It kept on ringing through Victor’s head like static. There was no space for anything else. 

At the foot of the bed, lay a small bouquet of blue roses.

Victor fell on his hands and knees, crumpled up like a puppet whose strings had just been cut.

 

 

 

 

 

 

 

 

 

 

 

 

“Yuuri? Are you okay, Yuuri?”

Hiroko Katsuki’s voice remained soft and comforting even when she worried. Even when her words flowed tinny and stilted out of a phone. Even when she was a continent away.

It was one of the things Yuuri liked best about her. On the rare occasion that he’d let his family try to comfort him when he was distressed or sad, his mother’s voice was one thing that helped his mind wander towards better places. Peaceful places.

The sorrow that consumed Yuuri on that night, however, was not something he could share with her--or anyone else.

“I, I am mom. Sorry. I’m just… a bit stressed over this new job. It’s, it’s a novel, you know and ah, oh, I’m afraid of screwing up. You know me.”

She did.

“I understand. Please, take care of yourself, and let’s videocall next time, okay? Dad and Mari want to see your face.”

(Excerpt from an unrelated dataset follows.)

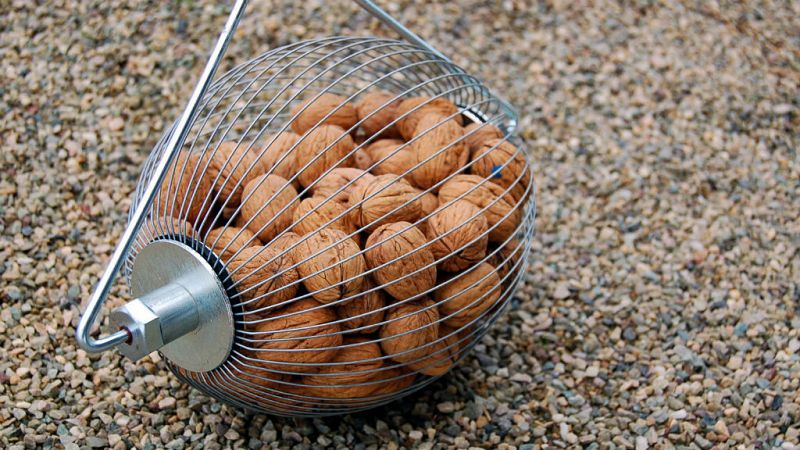 Degustar España - Recolección de nueces - 12/10/19 - Escuchar ahora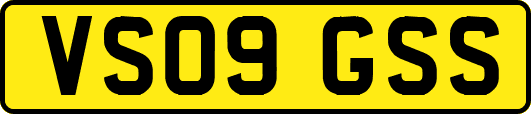 VS09GSS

Yuuri knew that she must have sensed the ugly, fat tears rolling down his face in the way his voice wavered and broke, that she must have suspected there was something else, something more, eating away at him. But Hiroko would never say anything--not until Yuuri himself decided to open up, and that was something that, at times, made him feel grateful and lonely in equal parts.

“Talk to you soon mom, bye.”

Yuuri lowered his arm slowly, barely registering its movements or the cold weight of the phone still in his hand.

His eyes followed the grainy figure moving in and out of his laptop screen with apprehension.

The man kept pacing back and forth, occasionally tugging on his own hair in frustration. Sometimes he’d disappear down the hallway where the camera couldn’t follow him, only to walk back into the living room right away: it was late, but it looked like he didn’t intend on going to sleep.

Yuuri felt the weight of yet to be shed tears and guilt gathering into a lump that blocked his throat.

It was his fault Victor was mad, wasn’t it. He wished, for a moment, that he could see his expression clearly, to be sure, to stop worrying - perhaps - over nothing, but that was a selfish wish, something that Yuuri could have easily gotten when he picked out the cameras months ago, had he been a lesser man, had he not cared for Victor so much.

Yuuri sobbed. He shouldn’t have to remind himself that this was for Victor’s sake, to make sure that he was safe and happy, and that he should never, ever consider invading his privacy any further than this, but Yuuri was a weak man, an arrogant man whose head was full of selfish thoughts like Victor’s smile and Victor’s praise being only for him.

“Ah, I’m always, always messing up. Why did I take the roses with me? Why did I leave them in the bedroom! Victor’s bedroom is off limits! It’s his sanctuary and someone like me isn’t allowed in there. Cameras aren’t allowed in there, not even--not even flowers!”

On screen, Victor Nikiforov returned again to the living room. This time, he was carrying pillows and a comforter in his arms.

Horrified, Yuuri watched as he dropped them onto the couch and started undressing.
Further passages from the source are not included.